> When I was at Stanford with the AI project [in the late 1960s] one of the things we used to do every Thanksgiving is have a computer programming contest with people on research projects in the Bay area. The prize I think was a turkey.
> [John] McCarthy used to make up the problems. The one year that Knuth entered this, he won both the fastest time getting the program running and he also won the fastest execution of the algorithm. He did it on the worst system with remote batch called the Wilbur system. And he basically beat the shit out of everyone.
> And they asked him, "How could you possibly do this?" And he answered,
> "When I learned to program, you were lucky if you got five minutes with the machine a day. If you wanted to get the program going, it just had to be written right. So people just learned to program like it was carving stone. You sort of have to sidle up to it. That's how I learned to program."
I heard a similar story from a professor who was doing his graduate work in mainframe days.
(Paraphrasing) 'When you learn to program on punch card with batch jobs, you get really good at writing it correct the first time. Because if you write it wrong, it's (a) overnight processing to find out, (b) another day to fix it, (c) another overnight to get the updated results.'
On one hand, high compile times make you think about your code more deeply. No one will dispute that this is a good discipline.
On the other hand, computers can check so many more cases more quickly and more correctly. I think there's a point at which you say, "I'm going to get better results by letting the machine do the work."
I had to work 3 years to buy a computer in 2001 and in the mean time I would volunteer to do networking for internet cafes to get a few minutes of coding time after hours. When I finally bought a computer, my parents only allowed me to touch it for 24 hours each weekend and using that slow dial-up internet connection. I made those 24 hrs count. After school, I would read every programming book in the bookstore, plan and design and UX my projects, so by the time my 24 hours rolled in, I could just build. By the time I had finished college, I could tell you all the browser mis-behaviors your code would trigger in IE and others, by just reading the code.
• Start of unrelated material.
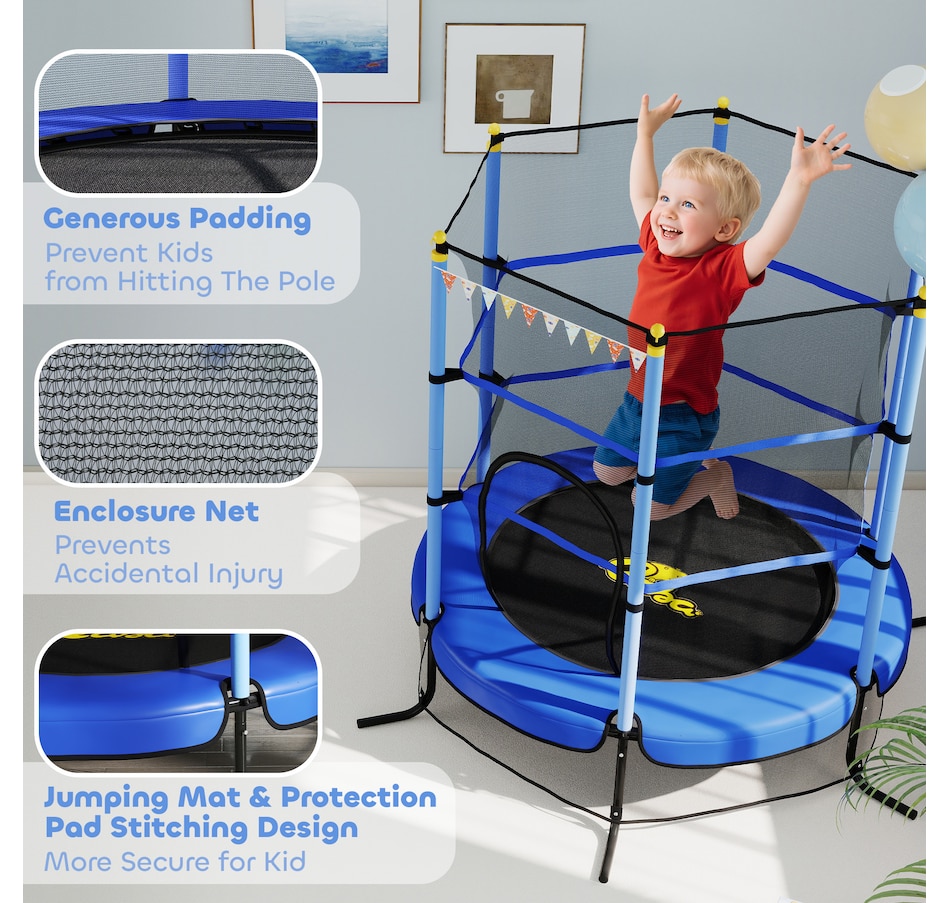 Image 976630_ALTMORE4.jpg, Product 976-630 / Price $98.99, Qaba Kids Trampoline, Indoor Outdoor Exercise Fitness Equipment, Blue from Qaba on TSC.ca's Home & Garden department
The 10X+ developers got there by iterating so many times, they know how to skip the traps. The more layers of abstraction pile up on top of fundamental systems the more variably productive new developers become by default, because they become attached to abstractions that can and do change, and because the permutations of misguided possibilities on top of flawed foundations become so abundant that a single person can't strip through the noise. That's why additional abstraction and libraries that automatically update on top of your existing code are a recipe for short-lived work and thus a quick to degrade portfolio. Understandable code that doesn't move under your feet is key, because you will forget what you did way before what you did becomes outdated.
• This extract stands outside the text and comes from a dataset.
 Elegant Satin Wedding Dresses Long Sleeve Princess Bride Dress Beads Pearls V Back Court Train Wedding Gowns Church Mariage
‘The story you heard is typical of legends that are based on only a small kernel of truth. Here’s what actually happened: John McCarthy decided in 1971 to have a Memorial Day Programming Race. All of the contestants except me worked at his AI Lab up in the hills above Stanford, using the WAITS time-sharing system; I was down on the main campus, where the only computer available to me was a mainframe for which I had to punch cards and submit them for processing in batch mode. I used Wirth’s ALGOL W system (the predecessor of Pascal). My program didn’t work the first time, but fortunately I could use Ed Satterthwaite’s excellent offline debugging system for ALGOL W, so I needed only two runs. Meanwhile, the folks using WAITS couldn’t get enough machine cycles because their machine was so overloaded. (I think that the second-place finisher, using that "modern" approach, came in about an hour after I had submitted the winning entry with old-fangled methods.) It wasn’t a fair contest.
As to your real question, the idea of immediate compilation and "unit tests" appeals to me only rarely, when I’m feeling my way in a totally unknown environment and need feedback about what works and what doesn’t. Otherwise, lots of time is wasted on activities that I simply never need to perform or even think about. Nothing needs to be “mocked up.”’
Give this man a node.js application with 100000 dependencies where an update from package version 34.2.4 to 34.2.5 breaks everything because the developers decided to change the order of parameters in one function just for fun.
> node.js application with 100000 dependencies where an update from package version 34.2.4 to 34.2.5 breaks everything because the developers decided to change the order of parameters in one function just for fun.
aka "totally unknown environment" which you "need feedback about what works and what doesn’t"
he was dealing with that situation already in the 01970s—he was using an extensible programming language that people kept extending, so the programs he wrote one day would break the next—which is why he designed τεχ in such a way that you can take any τεχ document from 40 years ago and render it in exactly the same way in current τεχ
one of the drop-dead showstopper tests in the τεχ release process since that time has been the 'τεχ torture test'; it's an enormous random τεχ document which has to produce byte-identical output on each new version of τεχ for it to be released, unless he can justify each difference. so he's not opposed to automated testing, he just tends to do it at a larger granularity
It's an interesting idea, that scarcity and inconvenience could make one a more thoughtful practitioner.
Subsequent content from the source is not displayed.